Today’s gospel is a fascinating choice…Look at the bit we are missing out. More precisely, two bits. The first and most important bit is the feeding of the five thousand. Wouldn’t you think that would be a good text for the theme of “The Compassion of Christ”? And, of course, an excellent choice for Social Services Sunday? And the second bit is the marvellously dramatic account of Jesus walking on the water.

Instead of these two high points, we get a couple of seemingly disconnected bits of the sort that, if they turned up in a novel, we might be tempted to skip lightly over. But let’s not do that – let’s have a look at what they tell us about real Christian social service.
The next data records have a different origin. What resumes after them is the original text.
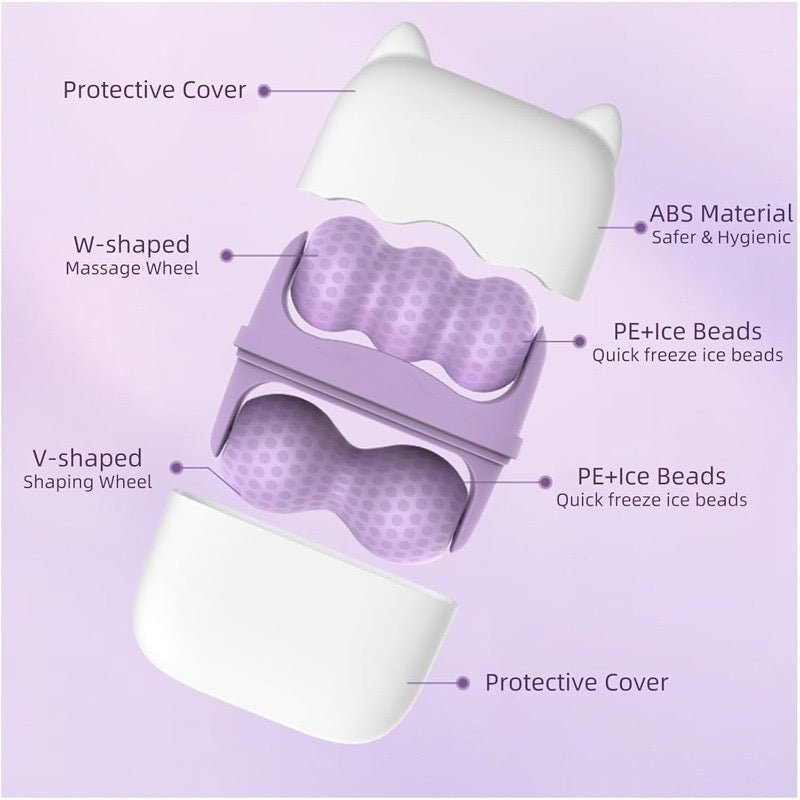 Ice Massage Device,Ice Roller Set For Face And Eyes - Facial Skin Care Tools With 2 Cold Therapy Face Roller And Premium Travel Case, Self Care Gift For Men Women - GlowSwift Beauty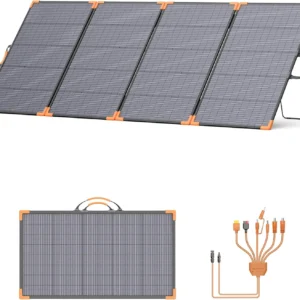 400W Bifacial Portable Solar Panel, 33V Lightweight Foldable Solar Charger for Power Station, IP68 Waterproof High Efficiency with Adjustable Kickstands for Camping RVs Home Backup view 1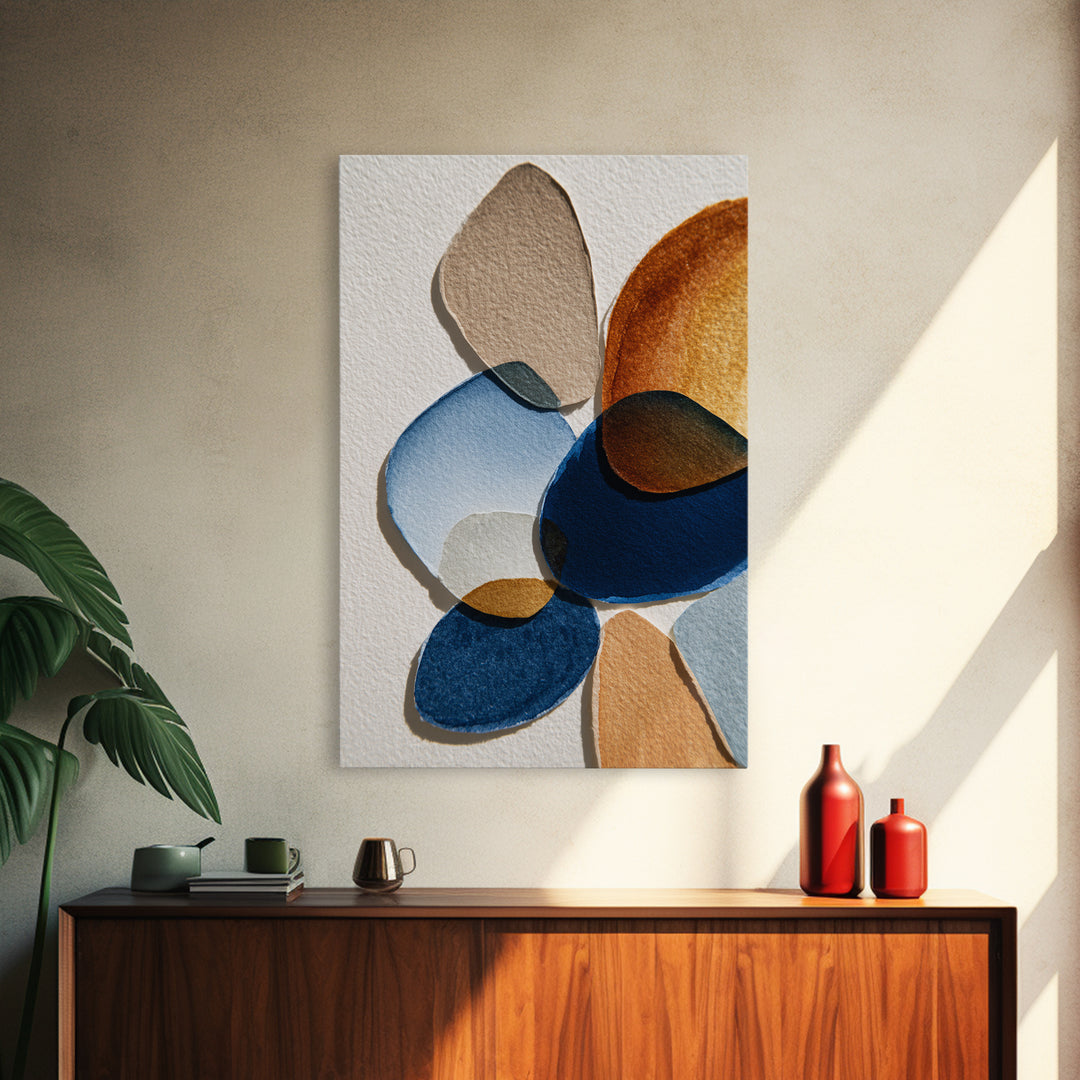 Two Overlapping Organic Shapes Framed Canvas Print, Minimalist Art, Art Prints, Living Room Decor, Fine Art, Minimal, MIN-2x3-51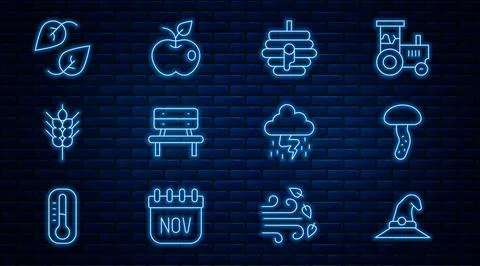 Set line Witch hat, Mushroom, Hive for bees, Bench, Wheat, Leaf, Storm and Apple Ilustração Stock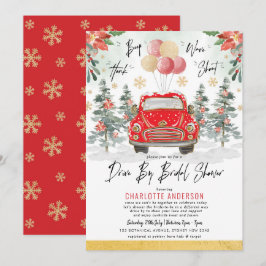 Merry Red Green Gold Winter Drive by Brautparty Einladung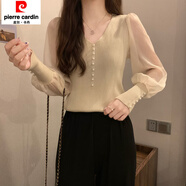 皮爾卡丹2025新款釘珠針織衫女長袖春季韓版修身氣質(zhì)雪紡拼接上衣打底毛衣 杏色 均碼 彈力均碼(建議75-120斤)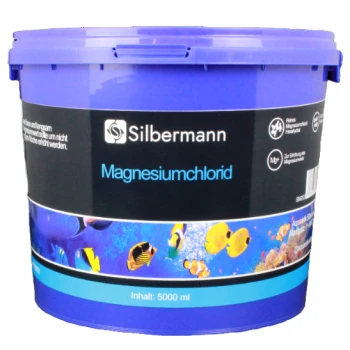 Lila Eimer mit der Aufschrift 'Silbermann Magnesiumchlorid' mit aquatischer Szene, enthält 5000 ml Magnesiumchlorid für die Aquariennutzung.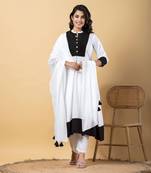 White bijiya work rayon a-line kurta with bottom & dupatta set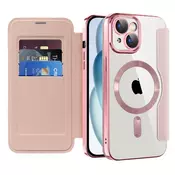 Etui SmartMag Book z Magsafe tehnologijo in RFID denarnico za iPhone 15 Plus - pink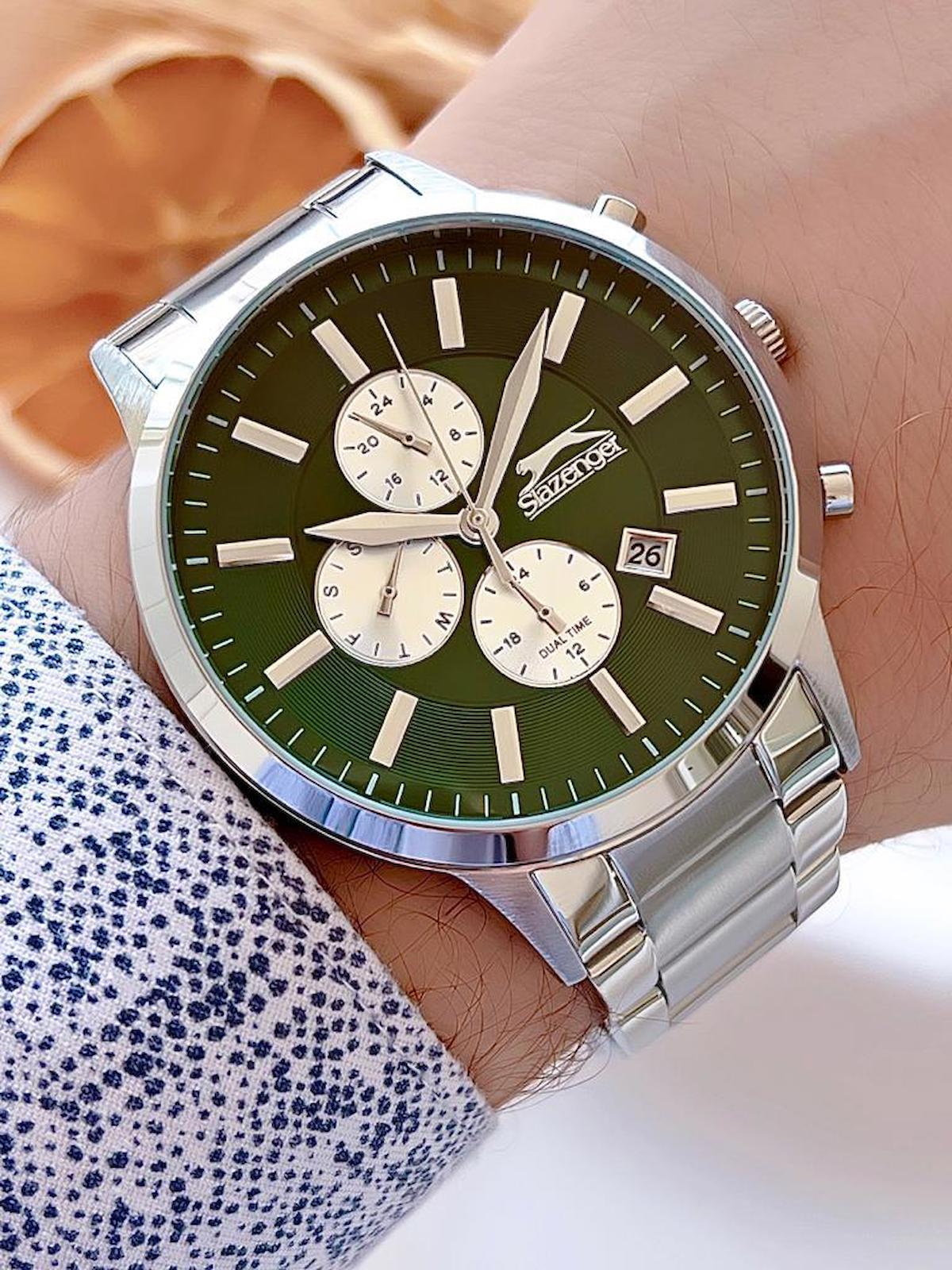 Slazenger BLKT.2.686 Takvimli 46-50 mm Çelik Kordon Analog Erkek Kol Saati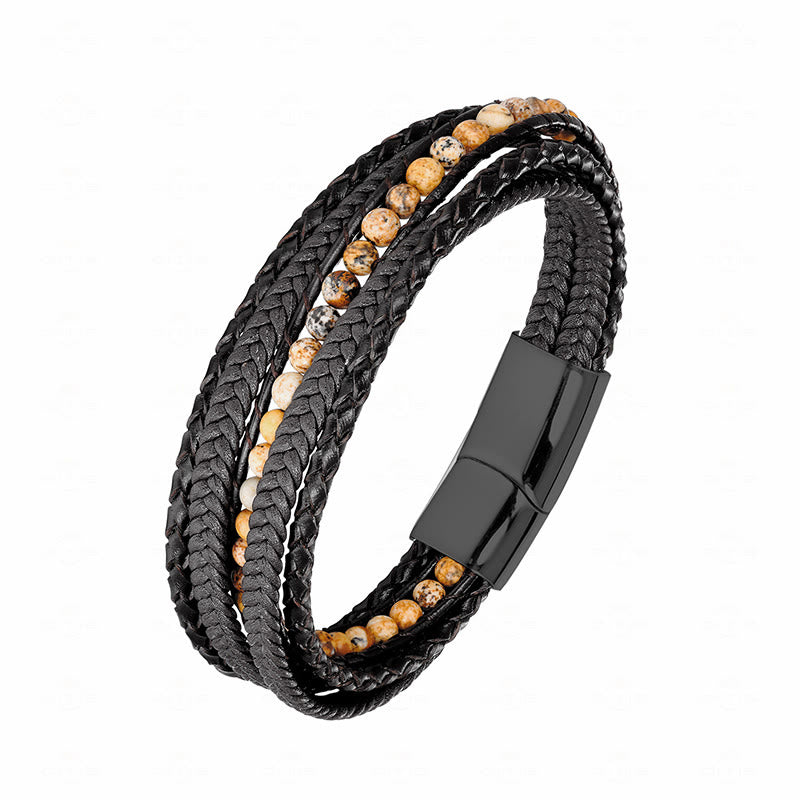 Bracelet en cuir renforcé avec Buddha Stones, hématite, agate indienne, œil de tigre et amazonite. - Boucle noire en jaspe paysage - 18-22 cm - image 19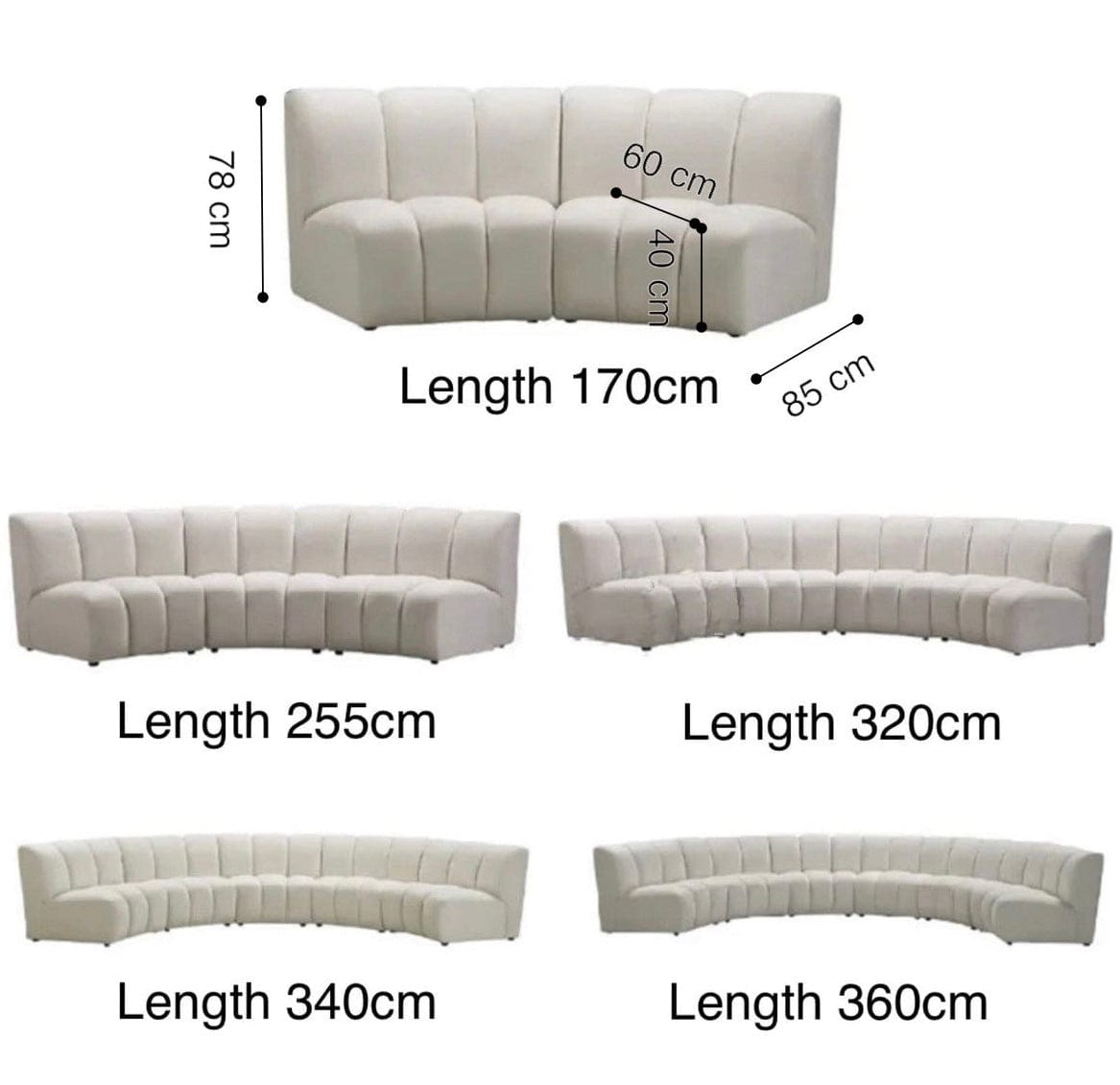 home-atelier-f31a Cotton Linen Fabric / Length 250cm/ With Curve Chaise / Cream Mitchella Curve Sofa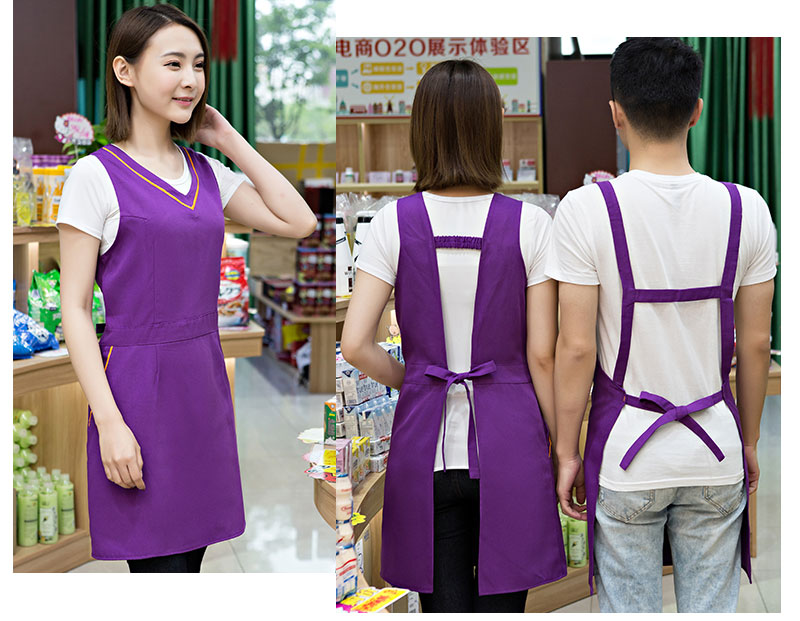 奶茶店美容養生超市餐廳圍裙定制logo印字服務員工作服背心帶韓版(圖15)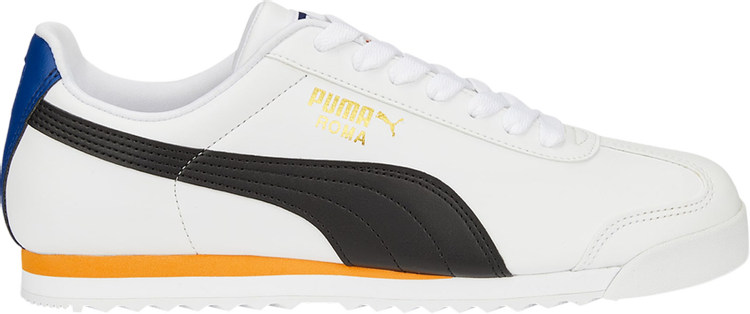 Кроссовки Puma Roma Basic Plus White Black Orange Brick, белый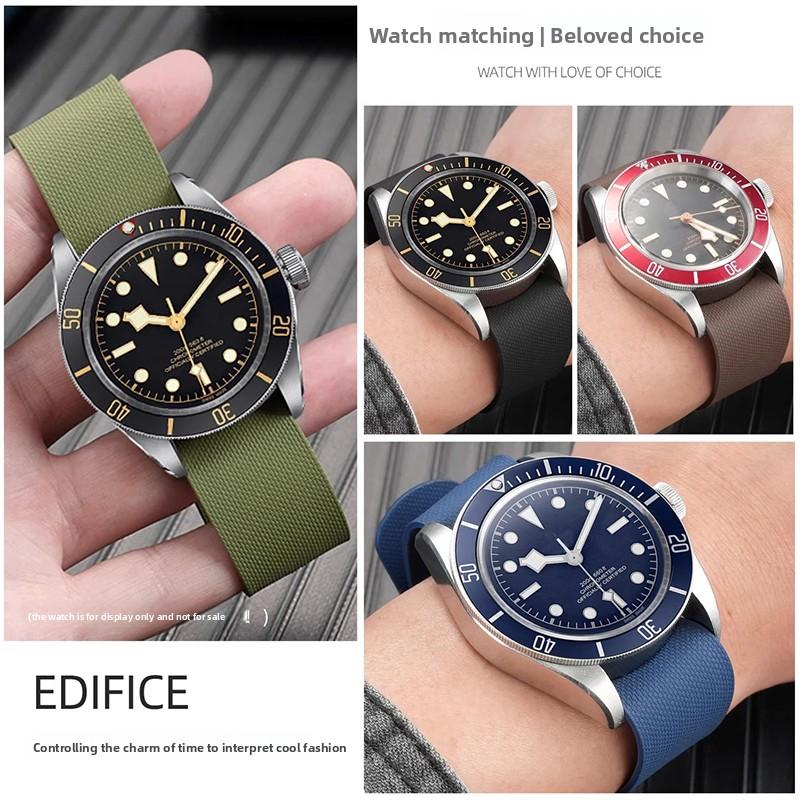 20мм 21мм 22мм FKM Фторкаучуковый Ремешок Для Tudor FXD M25707 M79363N Браслет для Omega Seamaster Longines Rolex резиновый ремешок для часов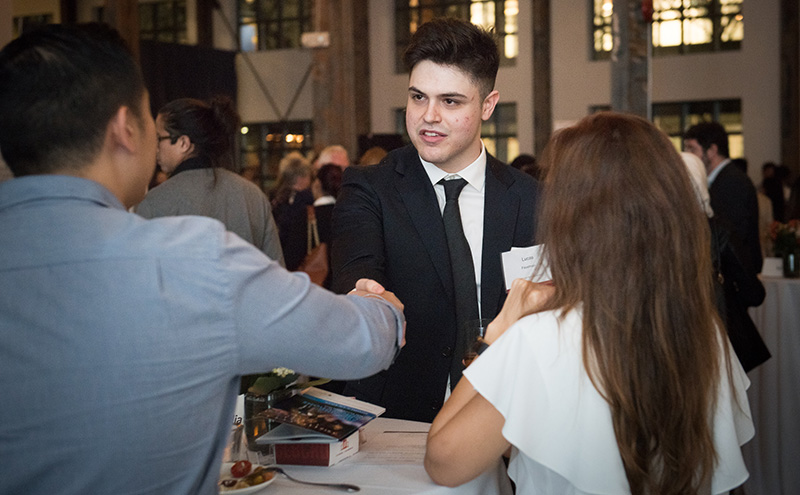 Student at networking event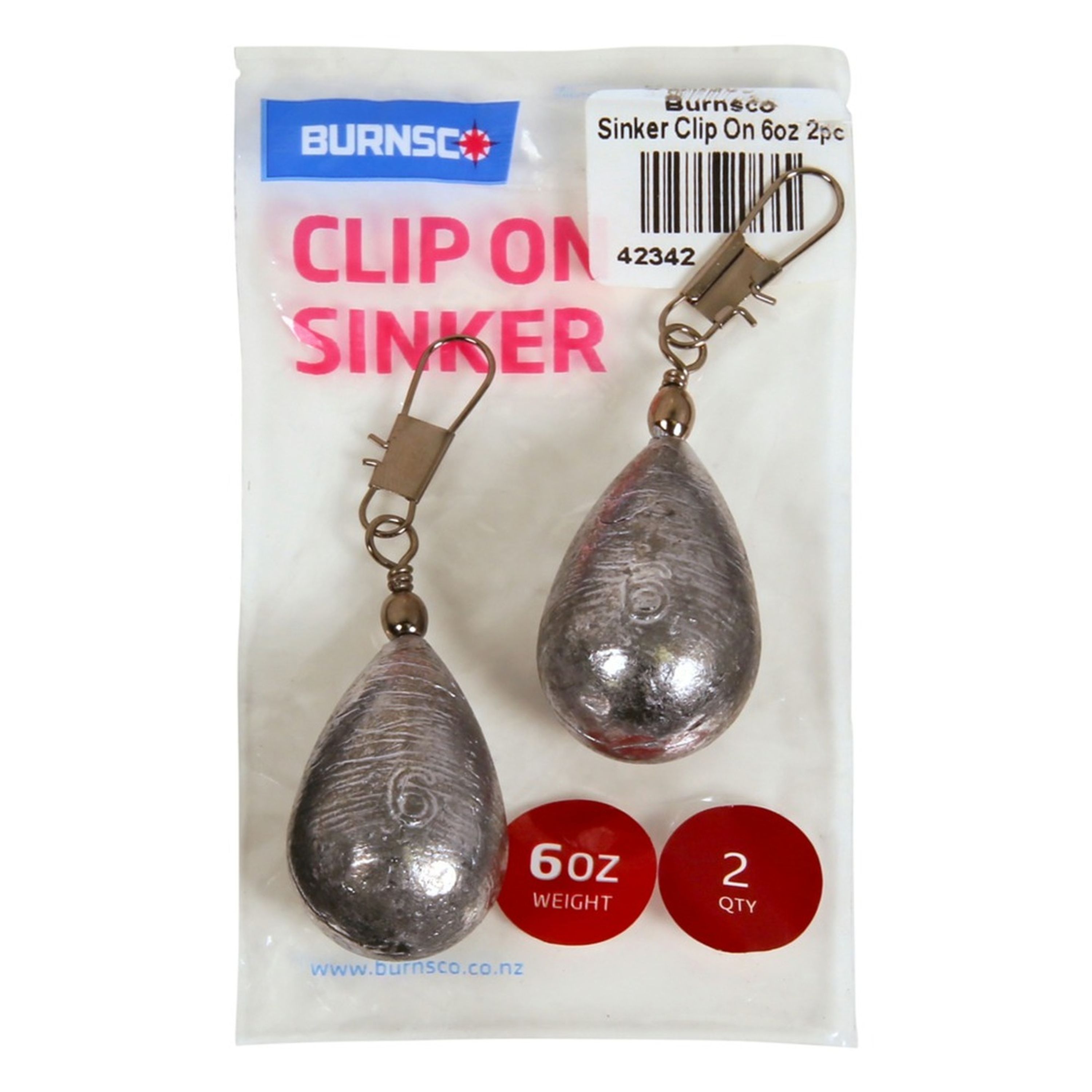 Clip on Sinker 6oz 2pk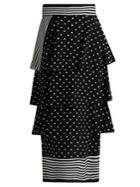 Stella Mccartney Stripe And Polka-dot Print Silk Skirt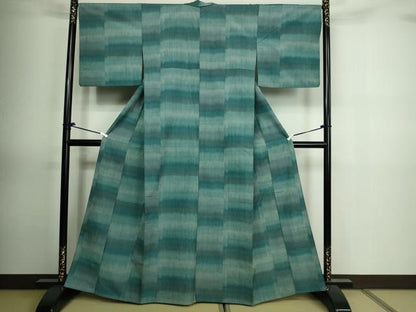 平和屋着物▽上質な紬　単衣　霞文　正絹　逸品　DAAV9859sf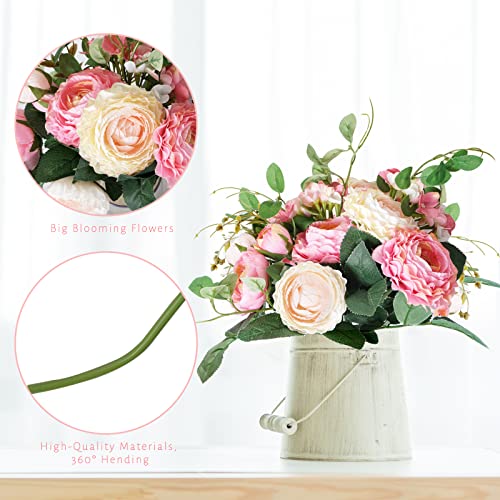 7 Pcs Artificial Flowers Pink Roses, Fake Flowers for Wedding Decoration, Outdoor Bride Bouquet Silk Plastic Flowers Home Decoration faux flowers, DIY Fake Plants, silk flowers for Vase Decorative - Image 6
And the first thing they tell us is that the providers have needs, too. Jesus’ ministry team has been flat out; St Mark says, so many people were coming and going, they did not even have a chance to eat. Jesus recognised their needs, and he tried to lead them to a quiet place for rest and refreshment. So there’s the first point. The ministers are just as needy as those to whom they minister. There are no strong ones and weak ones, only people.

So Jesus takes them by boat to a solitary place; but his plan doesn’t work out. People discover them and follow them. There’s the second point. Human need and human compassion are not governed by the clock. For Christian ministry there are no ordinary business hours. They are in need now, so Jesus tends to their need now.

But then comes the surprise. When we are told that Jesus had compassion on them, we expect him to go into social service mode, don’t we? We expect him to feed them or provide shelter for them or heal them of their diseases; but that’s not what happens. St Mark puts it this way: he had compassion on them, because they were like sheep without a shepherd. So he began teaching them many things. In his compassion for them, he began teaching them because they were like a flock without a shepherd. We might say, they were lacking in social cohesion, they were all over the place, they lacked direction in their lives.

But is that what the people wanted? Perhaps not. In the second part of our reading this morning, something similar has happened. Jesus and his disciples have just arrived on the other side of the lake, where they are recognised and a large crowd gathers. And wherever they went, people came and brought their sick to him, and begged that they be allowed to touch him and be healed of their infirmities. It’s almost as though Jesus and the crowds are talking past one another; he is trying to teach them to be a community; they are trying to get their individual problems seen to.

Of course, it is never a matter of either/or. Individual needs must be met. Perhaps the teaching of Christ is that individual needs are best met in the context of social arrangements. Christian social services must seek to meet individual needs in a way that heals social arrangements, that builds community that recognises the need for a real and mutual and ongoing relationship between those who provide the services and those who receive them.

St Paul used the image of the body. He said if one part of the body suffers, the whole body suffers. Somewhere in that idea, maybe, lies the answer to Bill Schroeder’s question.